Pydantic Puzzlers

Posted on Posted in technical

Pydantic is a library to validate JSON documents and convert them into Python objects, based on Python Type Annotations. It works really well, it is easy to use, it supports everything we can possibly expect it to support and saves us a ton of effort. I’ve only started using it recently, but I love it.

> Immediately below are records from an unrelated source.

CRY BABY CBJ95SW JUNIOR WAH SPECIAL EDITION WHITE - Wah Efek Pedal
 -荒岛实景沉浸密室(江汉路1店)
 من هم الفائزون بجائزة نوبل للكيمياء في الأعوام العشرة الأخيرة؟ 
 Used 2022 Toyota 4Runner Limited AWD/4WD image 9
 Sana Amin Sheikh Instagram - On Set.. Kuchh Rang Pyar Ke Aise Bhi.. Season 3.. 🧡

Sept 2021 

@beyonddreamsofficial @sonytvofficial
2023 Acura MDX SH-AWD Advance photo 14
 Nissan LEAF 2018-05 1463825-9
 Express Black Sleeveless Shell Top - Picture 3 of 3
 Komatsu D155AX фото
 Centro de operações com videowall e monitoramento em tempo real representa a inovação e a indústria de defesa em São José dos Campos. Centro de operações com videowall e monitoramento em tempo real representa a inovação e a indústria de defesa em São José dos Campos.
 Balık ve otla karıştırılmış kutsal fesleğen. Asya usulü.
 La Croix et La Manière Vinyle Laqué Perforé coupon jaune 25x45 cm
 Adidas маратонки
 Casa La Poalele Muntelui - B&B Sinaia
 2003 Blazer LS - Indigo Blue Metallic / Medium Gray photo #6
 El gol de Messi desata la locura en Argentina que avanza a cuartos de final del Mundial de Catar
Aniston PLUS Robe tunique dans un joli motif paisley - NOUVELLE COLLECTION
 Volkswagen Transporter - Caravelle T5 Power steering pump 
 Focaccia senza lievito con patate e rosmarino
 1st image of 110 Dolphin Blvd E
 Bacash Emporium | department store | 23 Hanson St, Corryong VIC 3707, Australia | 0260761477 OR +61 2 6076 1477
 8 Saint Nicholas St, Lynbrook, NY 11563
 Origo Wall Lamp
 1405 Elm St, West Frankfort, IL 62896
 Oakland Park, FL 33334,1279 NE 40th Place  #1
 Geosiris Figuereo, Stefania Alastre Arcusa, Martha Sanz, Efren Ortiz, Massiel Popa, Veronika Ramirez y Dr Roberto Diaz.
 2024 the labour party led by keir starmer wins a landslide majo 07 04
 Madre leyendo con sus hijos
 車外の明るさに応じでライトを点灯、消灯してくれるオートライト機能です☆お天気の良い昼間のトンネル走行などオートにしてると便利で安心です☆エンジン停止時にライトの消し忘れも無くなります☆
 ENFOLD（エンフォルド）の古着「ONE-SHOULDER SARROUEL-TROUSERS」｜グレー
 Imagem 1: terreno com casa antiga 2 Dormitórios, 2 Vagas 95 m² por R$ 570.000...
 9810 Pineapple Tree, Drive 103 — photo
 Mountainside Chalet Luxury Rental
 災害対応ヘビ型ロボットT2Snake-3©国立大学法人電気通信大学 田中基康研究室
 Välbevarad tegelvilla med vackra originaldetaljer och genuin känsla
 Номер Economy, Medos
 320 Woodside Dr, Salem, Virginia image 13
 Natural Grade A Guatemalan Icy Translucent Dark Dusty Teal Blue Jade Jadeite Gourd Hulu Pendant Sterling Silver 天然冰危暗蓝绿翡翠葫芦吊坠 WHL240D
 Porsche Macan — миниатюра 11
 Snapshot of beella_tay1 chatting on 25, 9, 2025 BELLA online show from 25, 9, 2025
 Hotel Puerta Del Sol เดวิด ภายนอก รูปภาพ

However, there a few less intuitive aspects to it, which is what this post is about.

Mystery Boolean

Puzzler: what is the ouput of the following code?

import pydantic
    
class Project(pydantic.BaseModel):
    source: str
    validate_: bool = False

    class Config:
        # validate is not a valid field name, because BaseModel has a validate method
        # use alias so we can use a validate field in the json and validate_ in python
        fields = {"validate_": {"alias": "validate"}}

def roundtrip(project_in: Project) -> None:
    """Convert to json and back """
    project_out = Project(**project_in.dict())
    print(f"input: {project_in.validate_}, output: {project_out.validate_}")

projectt = Project(source="test", validate=True)
roundtrip(projectt)

projectf = Project(source="test", validate=False)
roundtrip(projectf)

The answer:

input: True, output: False
input: False, output: False

This is not what we expect! The validate field always comes out as False.

It took us a while to understand what we did wrong here. To make it more clear, we can print the intermediate JSON.

def roundtrip(project_in: Project) -> None:
    """Convert to json and back """
    as_json = project_in.dict()
    pprint(as_json)
    project_out = Project(**as_json)
    print(f"input: {project_in.validate_}, output: {project_out.validate_}")
{'source': 'test', 'validate_': True}
input: True, output: False
{'source': 'test', 'validate_': False}
input: False, output: False

So, in an unexpected turn of events, the intermediate output does not contain validate but it contains validate_.

In other words, three things work against us here:

  1. The contructor expects aliases (which is the expected behavior) but the dict() call doesn’t use aliases by default (which is unexpected).
  2. Fields in the JSON that are unexpected are ignored, so the validate_ is dropped.
  3. If a field with a default is missing, the default value is used, so validate becomes False.

The correct code would be:

def roundtrip(project_in: Project) -> None:
    """Convert to json and back """
    as_json = project_in.dict(by_alias=True)
    pprint(as_json)
    project_out = Project(**as_json)
    print(f"input: {project_in.validate_}, output: {project_out.validate_}")

Which works as expected:

{'source': 'test', 'validate': True}
input: True, output: True
{'source': 'test', 'validate': False}
input: False, output: False

The asymmetry between serializing (dict()) and deserializing (constructor) is something you have to keep in mind when coding on Pydantic, as it can cause very subtle problems.

My guess is that this asymmetry is a historical accident that has grown into the code and is very hard to change now, as it will break a lot of people’s code.

But even with this unexpected behavior, I still think Pydantic is awesome.